The problem it solves
The attention operation at the heart of every transformer is, surprisingly, often limited
not by how much arithmetic the GPU can do but by how fast it can move data. Standard
attention computes a large sequence × sequence score matrix, applies softmax, and
multiplies by the values. Writing that big intermediate matrix out to the GPU’s
high-bandwidth memory (HBM) and reading it back repeatedly dominates the runtime. The
operation is memory-bandwidth-bound: the GPU’s compute units sit waiting on data. As
context lengths grow, this both slows things down and consumes memory that scales with the
square of the sequence length.
The key idea: be IO-aware
Flash Attention, introduced in 2022, reframes attention as an IO-aware problem: the goal is to minimise traffic between fast on-chip SRAM and slow HBM. It does this by tiling — splitting the queries, keys, and values into blocks that fit in the GPU’s small but fast on-chip memory, and computing attention block by block. Crucially, it never materialises the full attention matrix in HBM. Instead it uses an online softmax trick that processes blocks incrementally while keeping running statistics, so the correct normalised result is produced without ever holding the whole matrix at once.

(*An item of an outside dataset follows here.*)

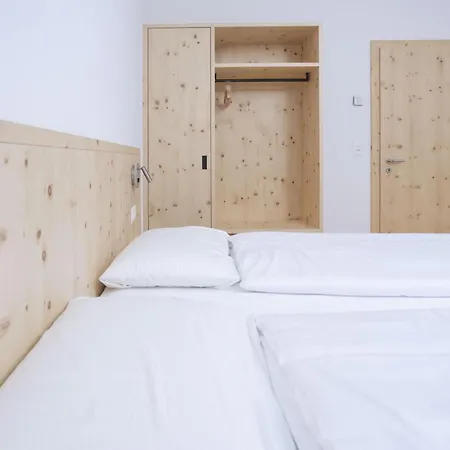 Chasa Helvetia Quatter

Why it is exact, not approximate
This is the property that makes Flash Attention special. Many earlier speedups — sparse attention, low-rank approximations, linear attention — buy speed by computing an approximate version of attention, which can change model quality. Flash Attention does not. Its tiling and online-softmax produce a result that is mathematically identical to standard attention, bit-for-bit equivalent up to normal floating-point ordering. You get the speed and memory savings with zero change to what the model computes, which is why it can be dropped into existing models and training runs safely.
The payoff
By avoiding HBM round-trips, Flash Attention typically delivers 2–4× faster attention and reduces attention memory use dramatically — the often-quoted figure is 5–20× less memory, because memory no longer scales with the full quadratic attention matrix. This has two big consequences. First, training and inference get cheaper and faster. Second, and more importantly for modern models, it makes long contexts practical: sequences of tens or hundreds of thousands of tokens that would otherwise blow up memory become feasible, which is why long-context LLMs rely on it.
Versions and where it fits
The original Flash Attention was followed by Flash Attention 2, which kept the exact- attention guarantee but reworked how the computation is partitioned across GPU threads and warps, cut down non-matrix-multiply work, and parallelised better along the sequence dimension — yielding roughly another 2× speedup and getting close to peak GPU utilisation. Later iterations target newer GPU architectures and features. In practice, Flash Attention is now built into mainstream deep-learning frameworks and is enabled by default in many training and serving stacks. It pairs naturally with sparse attention for extreme context lengths: Flash Attention makes dense attention as cheap as possible, and sparse patterns reduce how much attention you compute at all.